Start of Block

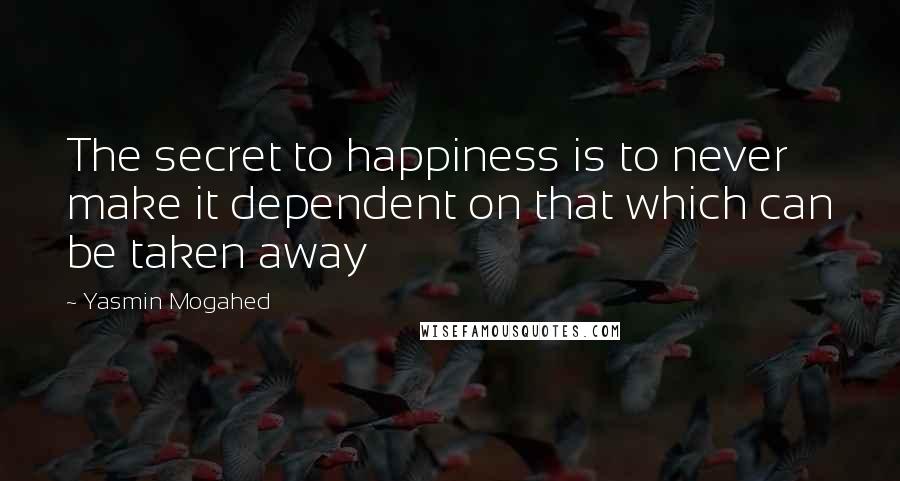 Yasmin Mogahed Quotes: The secret to happiness is to never make it dependent on that which can be taken away
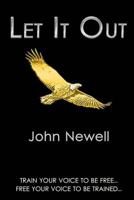 Let It Out: Train your voice to be free. Free your voice to be trained. 0992007801 Book Cover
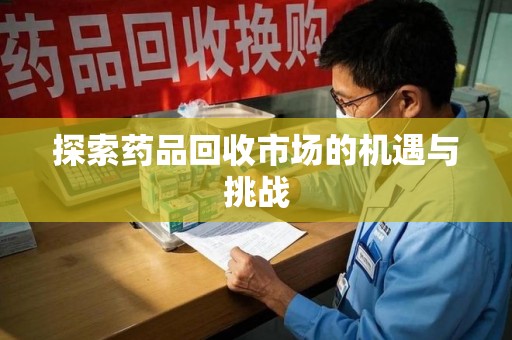 安阳探索药品回收市场的机遇与挑战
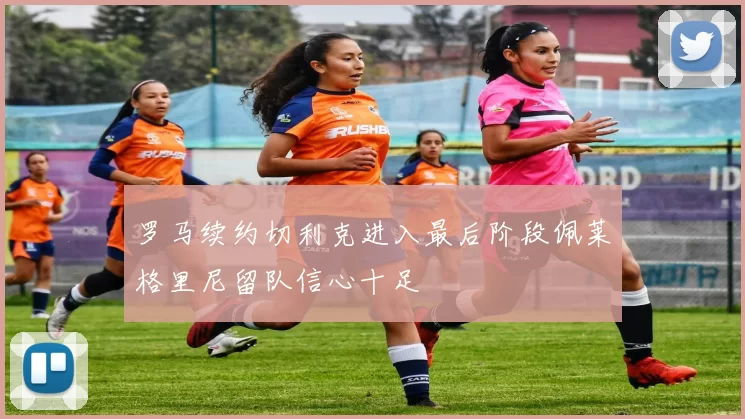 罗马续约切利克进入最后阶段佩莱格里尼留队信心十足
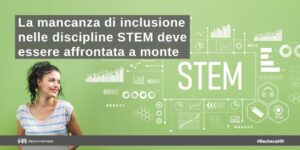 La mancanza di inclusione nelle discipline STEM deve essere affrontata a monte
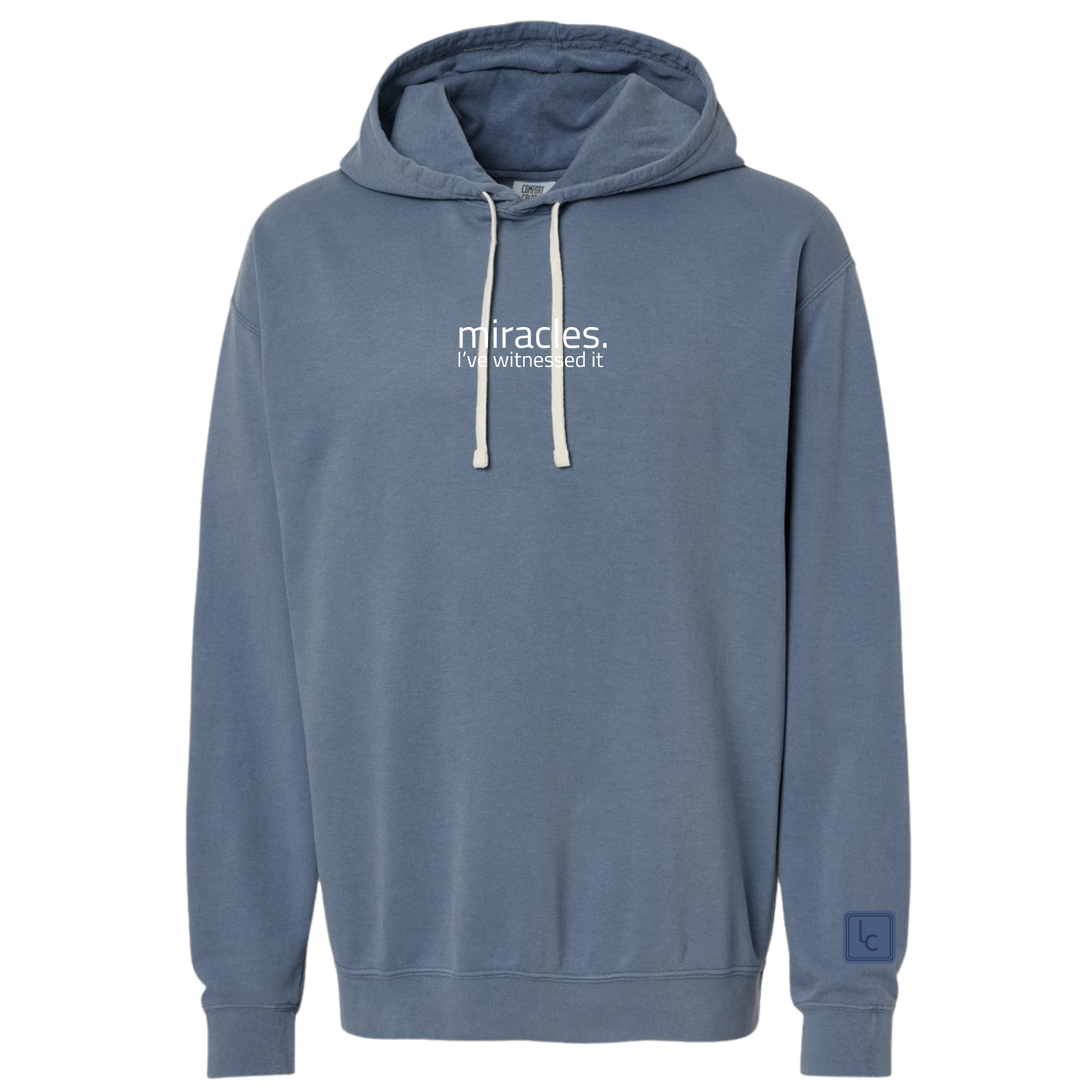 Miracles. I've witnessed it. Comfort Colors Hoodie
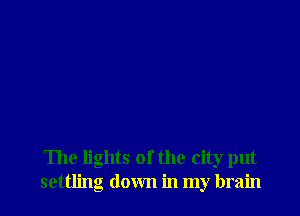 The lights of the city put
settling down in my brain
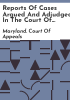 Reports_of_cases_argued_and_adjudged_in_the_Court_of_Appeals_of_Maryland
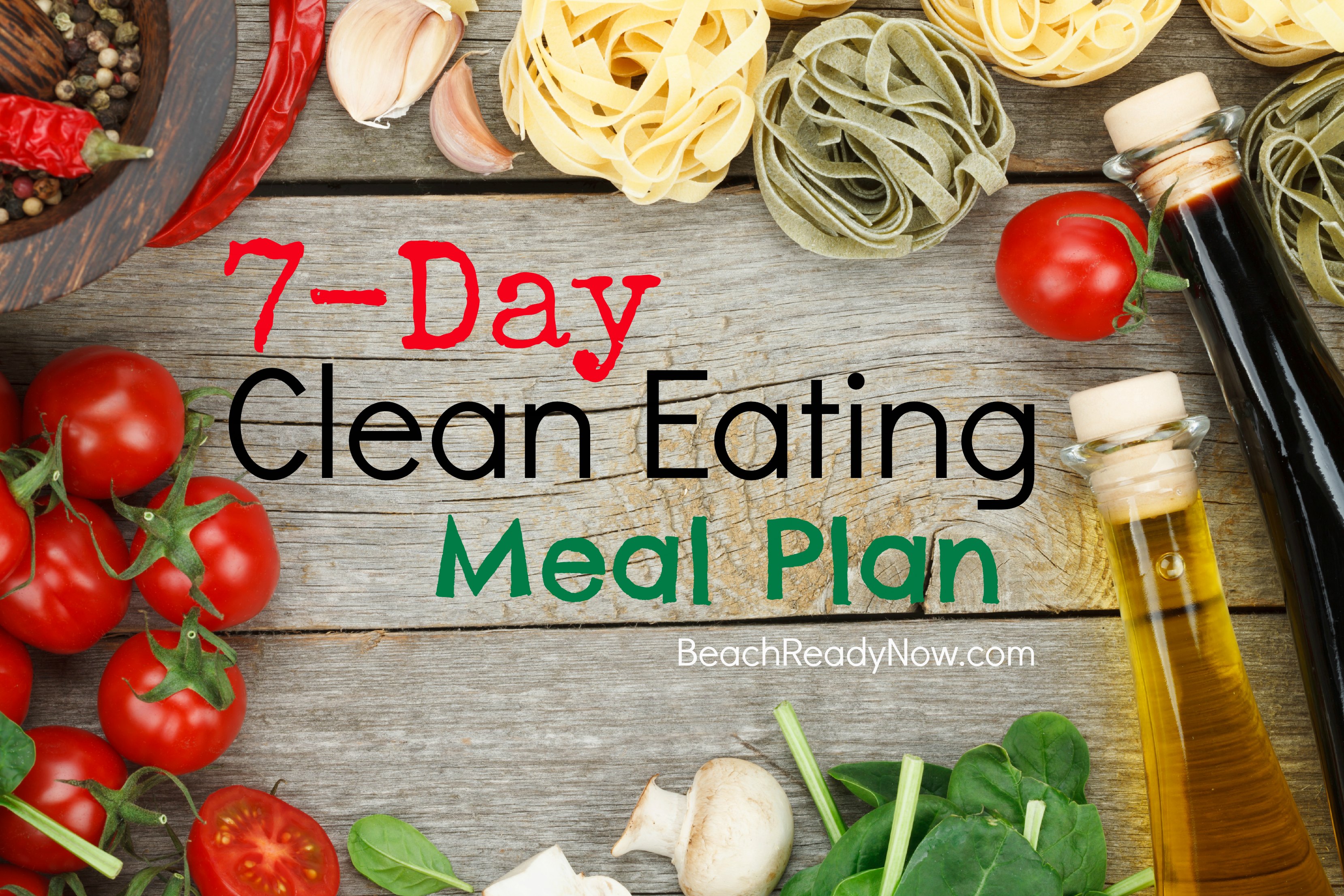 7-Day Clean Eating Meal Plan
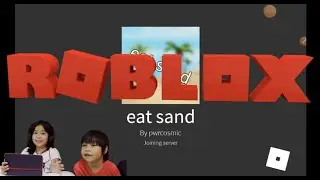 Roblox Eat Sand
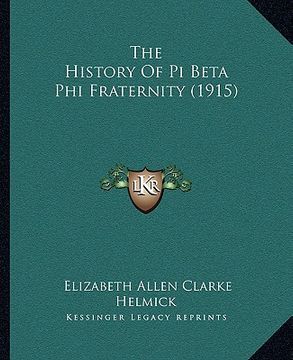 portada the history of pi beta phi fraternity (1915)
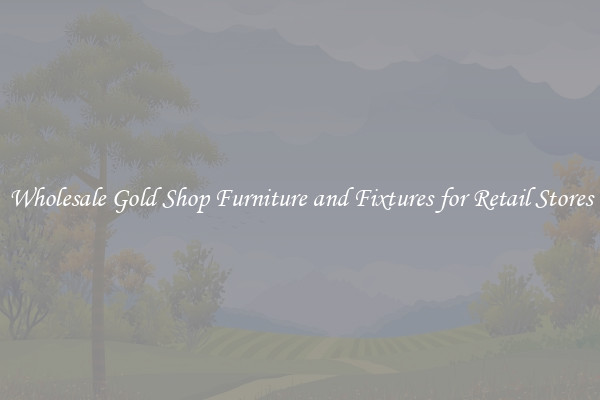 Wholesale Gold Shop Furniture and Fixtures for Retail Stores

End of Block

## [WHAT YOU HAVE TO DO]
Reproduce the whole listing verbatim and keep all pictures out of it.

## [SOLUTION TO THIS PROBLEM]
 Yasmin Mogahed Quotes: The secret to happiness is to never make it dependent on that which can be taken away
 Let It Out: Train your voice to be free. Free your voice to be trained. 0992007801 Book Cover
 安阳探索药品回收市场的机遇与挑战
 罗马续约切利克进入最后阶段佩莱格里尼留队信心十足
 La mancanza di inclusione nelle discipline STEM deve essere affrontata a monte
 Miracles. I've witnessed it. Comfort Colors Hoodie
 The lights of the city put
settling down in my brain
 Reports_of_cases_argued_and_adjudged_in_the_Court_of_Appeals_of_Maryland
 7-Day Clean Eating Meal Plan
 Roblox Eat Sand
 portada the history of pi beta phi fraternity (1915)
 Wholesale Gold Shop Furniture and Fixtures for Retail Stores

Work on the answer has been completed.